The patterns for the total effects of media usage on civic engagement were fairly similar across models. Accordingly, as predicted, entertainment TV watching was negatively related to all forms of civic engagement. For example, a one-unit increase in entertainment TV watching was associated with .014, .123 and .425 units decreases in social trust, voting and non-traditional political participation, respectively. In all equations, the total effects of political TV watching were negative, but only the effect for social trust was significant and negative. The estimated effects of Internet use on civic engagement were significant and in a positive direction in all equations. A one-unit increase in Internet use was related to an increase in social trust, voting and non-traditional political participation of .023, .116 and .407 units, respectively.

Table 3

Direct, Indirect, and Total Effects of Media Usage (N = 37,704)

Social Trust
Voting
Non-traditional Political Participation
Unst. B SE Unst. B SE Unst. B SE
Entertainment TV
Total -.014** .005 -.123*** .022 -.425*** .048
Indirect via Openness-Conservation -.001*** .000 .004 .005 -.034*** .004
Indirect via Transcendence-Enhancement -.003*** .000 .001 .007 -.027** .011
Direct -.010* .005 -.131*** .030 -.363*** .051
Political TV
Total -.034*** .008 -.027 .059 -.024 .065
Indirect via Openness-Conservation .000*** .000 .007 .008 -.020*** .004
Indirect via Transcendence-Enhancement -.001*** .000 .000 .002 -.007* .003
Direct -.033*** .008 -.031 .061 .003 .067
Internet
Total .023*** .004 .116*** .015 .407*** .040
Indirect via Openness-Conservation .002*** .000 -.015 .018 .073*** .007
Indirect via Transcendence-Enhancement .002*** .000 -.001 .004 .016* .006
Direct .019*** .004 .132*** .026 .318*** .045

*p < .05. **p < .01. ***p < .001, two-tailed tests.

Turning now to the mediating effects of value orientations, as shown in Table 3, we see that values mediated a small part of the effects of media usage on social trust and non-traditional political participation, but not on voting. In line with their negative total effects, the indirect effects of both entertainment and political TV watching on social trust were negative, while those of Internet use were positive. For example, openness mediated -.001 and transcendence mediated -.003 of the -.014 total effect of entertainment TV watching on social trust. So, in total, values mediated almost one third of the total effects of entertainment TV on social trust. They also mediated about one sixth of the total effects of Internet use on social trust. As is the case in the models predicting civic engagement, entertainment and political TV watching seemed to impede social trust and non-traditional political participation via decreasing openness to change and self-transcendence value orientations, while Internet use mostly facilitated civic life by promoting them.

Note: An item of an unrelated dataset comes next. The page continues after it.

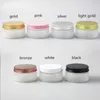 30 x Travel Empty Clear Frost Cream Lotion Cosmetic Jar 100ml PET Plastic Makeup Container with Aluminum lids screw cap 100g1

Values also mediated a small portion of the total effects of media usage on non-traditional political participation. Similar to their effects on social trust, the indirect effects of entertainment and political TV watching on non-traditional political participation were negative and those of Internet use were positive. Openness mediated -.034 and transcendence mediated -.027 of the -.425 total effect of entertainment TV watching on non-traditional political participation; so, the indirect effects were about one seventh of the total effects on non-traditional political participation. Interestingly, while political TV watching had no significant total or direct effects, it had a significant and negative indirect relationship with non-traditional political participation through both openness and transcendence values. Values also mediated about one fifth of the total effects of the Internet on non-traditional political participation.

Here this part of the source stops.